--- The problem ---
Your answer must hold only the lines below from the line containing "A5 Çizgili Termo" through the line containing "Promotion promotionnelle Meuleuse", each reproduced exactly.
[Opening Provided entries section]
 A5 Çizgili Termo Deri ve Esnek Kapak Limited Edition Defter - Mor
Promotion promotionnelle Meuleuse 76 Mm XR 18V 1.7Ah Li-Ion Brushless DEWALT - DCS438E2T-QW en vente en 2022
[Closing Provided entries section]
[Opening Provided entries section]
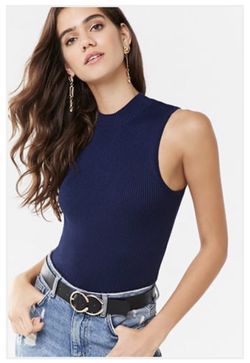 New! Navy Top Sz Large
[Closing Provided entries section]
[Opening Provided entries section]
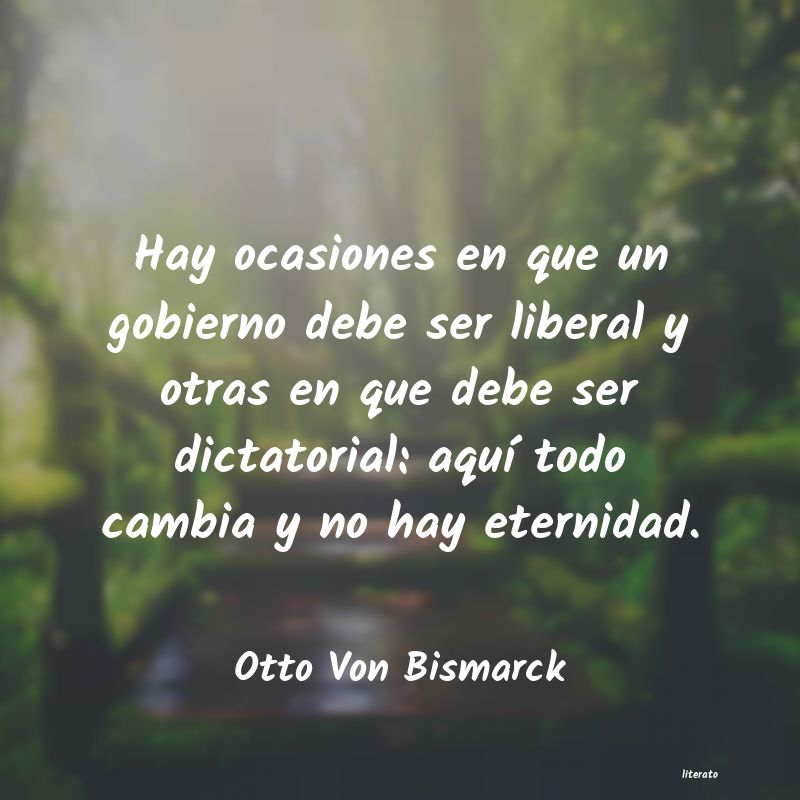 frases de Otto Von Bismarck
[Closing Provided entries section]
--- Written solution ---
 A5 Çizgili Termo Deri ve Esnek Kapak Limited Edition Defter - Mor
Promotion promotionnelle Meuleuse 76 Mm XR 18V 1.7Ah Li-Ion Brushless DEWALT - DCS438E2T-QW en vente en 2022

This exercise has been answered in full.